*** Task input

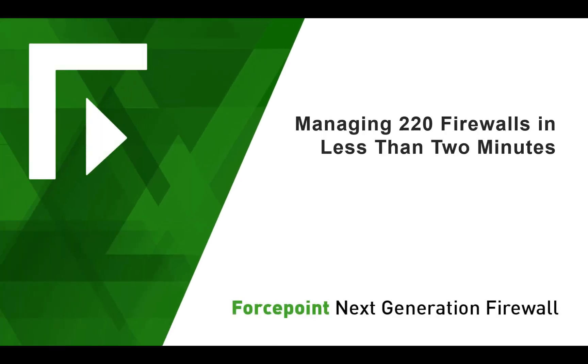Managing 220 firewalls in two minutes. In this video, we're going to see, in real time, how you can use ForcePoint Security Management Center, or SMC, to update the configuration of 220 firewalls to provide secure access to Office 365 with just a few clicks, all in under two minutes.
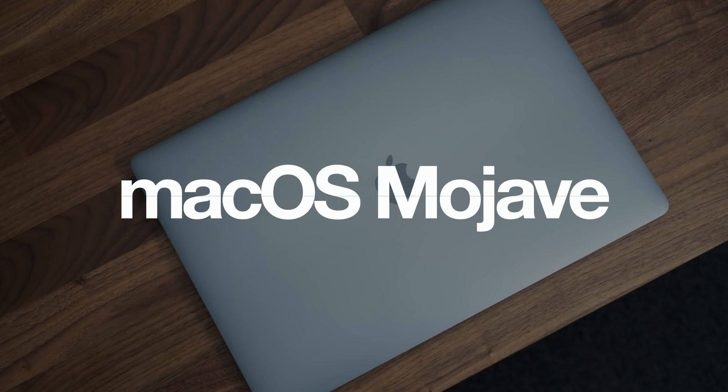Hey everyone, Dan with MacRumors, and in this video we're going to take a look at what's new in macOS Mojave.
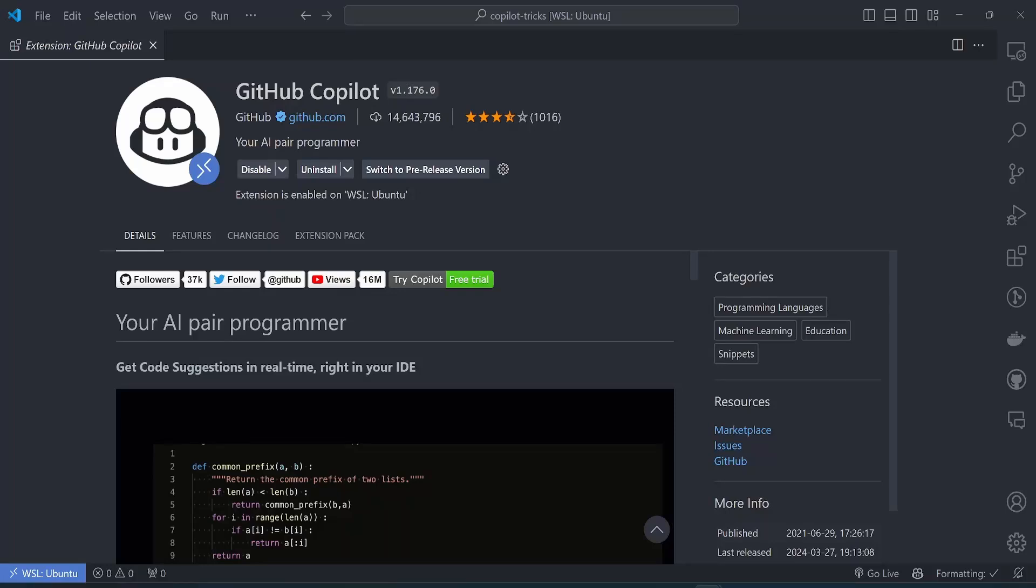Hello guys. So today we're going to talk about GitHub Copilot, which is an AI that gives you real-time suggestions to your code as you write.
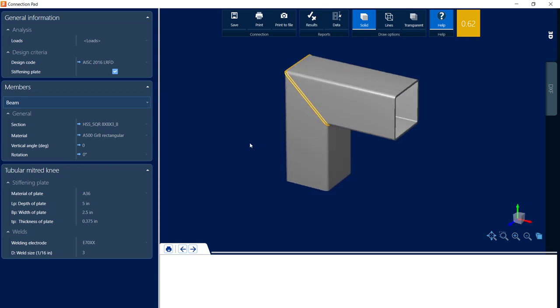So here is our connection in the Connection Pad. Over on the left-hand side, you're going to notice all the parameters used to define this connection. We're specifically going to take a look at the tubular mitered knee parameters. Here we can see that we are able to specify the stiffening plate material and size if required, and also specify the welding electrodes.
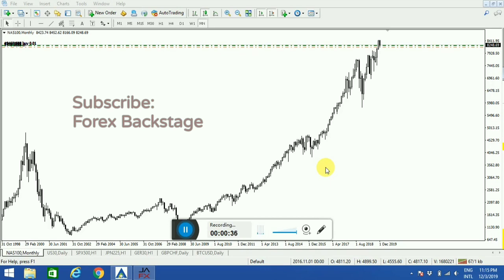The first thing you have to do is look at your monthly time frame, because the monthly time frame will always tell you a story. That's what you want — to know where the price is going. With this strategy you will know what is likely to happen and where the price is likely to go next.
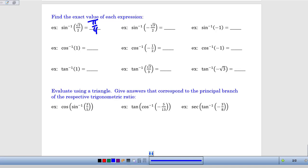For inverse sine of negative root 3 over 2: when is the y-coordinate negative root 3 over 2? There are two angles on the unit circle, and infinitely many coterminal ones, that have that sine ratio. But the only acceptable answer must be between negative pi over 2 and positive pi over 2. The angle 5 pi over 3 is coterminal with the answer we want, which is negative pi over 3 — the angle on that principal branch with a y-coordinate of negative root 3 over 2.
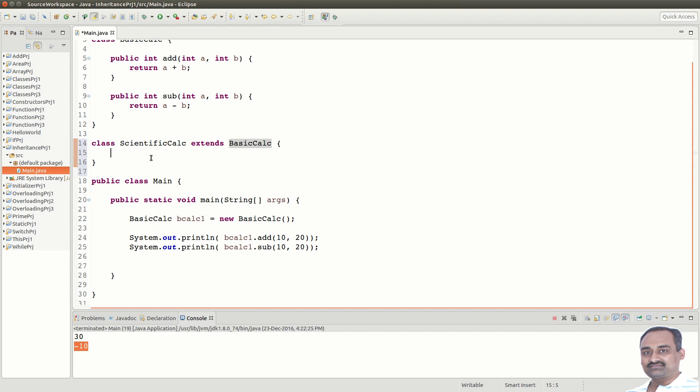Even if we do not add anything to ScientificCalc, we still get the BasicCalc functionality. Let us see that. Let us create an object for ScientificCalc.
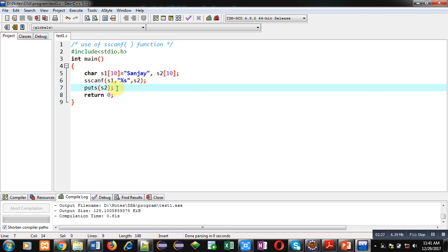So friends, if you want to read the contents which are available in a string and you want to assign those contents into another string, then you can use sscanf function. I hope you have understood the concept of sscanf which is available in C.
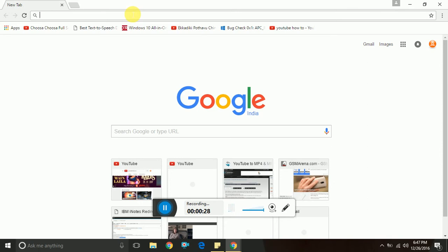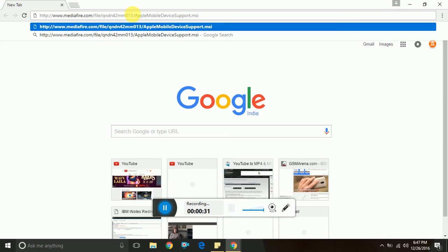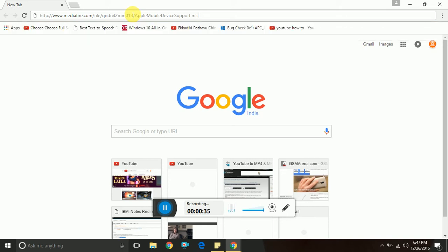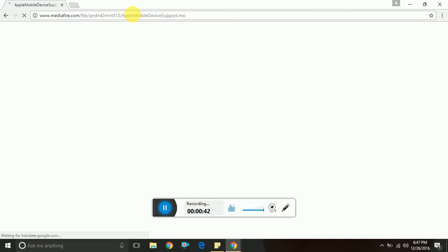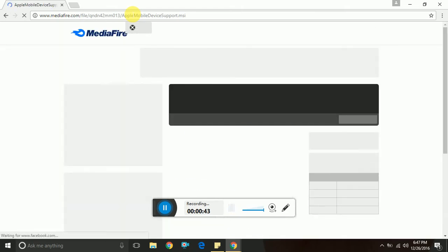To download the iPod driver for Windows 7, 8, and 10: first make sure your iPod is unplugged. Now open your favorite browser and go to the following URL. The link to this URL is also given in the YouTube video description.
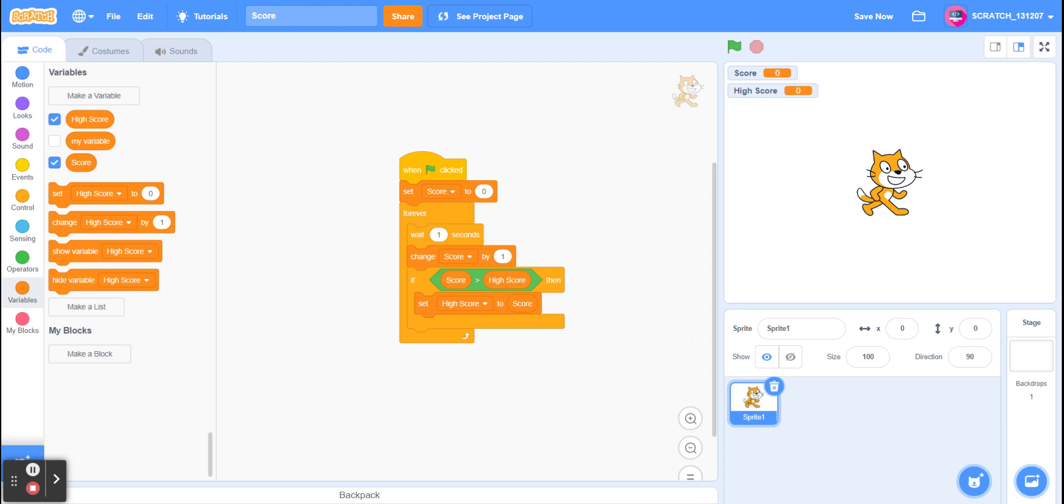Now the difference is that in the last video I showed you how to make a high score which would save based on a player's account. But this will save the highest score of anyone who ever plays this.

******

-- Aim of the exercise --
The entries must be written out again unchanged. Images are to be left out.

-- Result of this task --
Managing 220 firewalls in two minutes. In this video, we're going to see, in real time, how you can use ForcePoint Security Management Center, or SMC, to update the configuration of 220 firewalls to provide secure access to Office 365 with just a few clicks, all in under two minutes.
Hey everyone, Dan with MacRumors, and in this video we're going to take a look at what's new in macOS Mojave.
Hello guys. So today we're going to talk about GitHub Copilot, which is an AI that gives you real-time suggestions to your code as you write.
So here is our connection in the Connection Pad. Over on the left-hand side, you're going to notice all the parameters used to define this connection. We're specifically going to take a look at the tubular mitered knee parameters. Here we can see that we are able to specify the stiffening plate material and size if required, and also specify the welding electrodes.
The first thing you have to do is look at your monthly time frame, because the monthly time frame will always tell you a story. That's what you want — to know where the price is going. With this strategy you will know what is likely to happen and where the price is likely to go next.
For inverse sine of negative root 3 over 2: when is the y-coordinate negative root 3 over 2? There are two angles on the unit circle, and infinitely many coterminal ones, that have that sine ratio. But the only acceptable answer must be between negative pi over 2 and positive pi over 2. The angle 5 pi over 3 is coterminal with the answer we want, which is negative pi over 3 — the angle on that principal branch with a y-coordinate of negative root 3 over 2.
Even if we do not add anything to ScientificCalc, we still get the BasicCalc functionality. Let us see that. Let us create an object for ScientificCalc.
So friends, if you want to read the contents which are available in a string and you want to assign those contents into another string, then you can use sscanf function. I hope you have understood the concept of sscanf which is available in C.
To download the iPod driver for Windows 7, 8, and 10: first make sure your iPod is unplugged. Now open your favorite browser and go to the following URL. The link to this URL is also given in the YouTube video description.
Now the difference is that in the last video I showed you how to make a high score which would save based on a player's account. But this will save the highest score of anyone who ever plays this.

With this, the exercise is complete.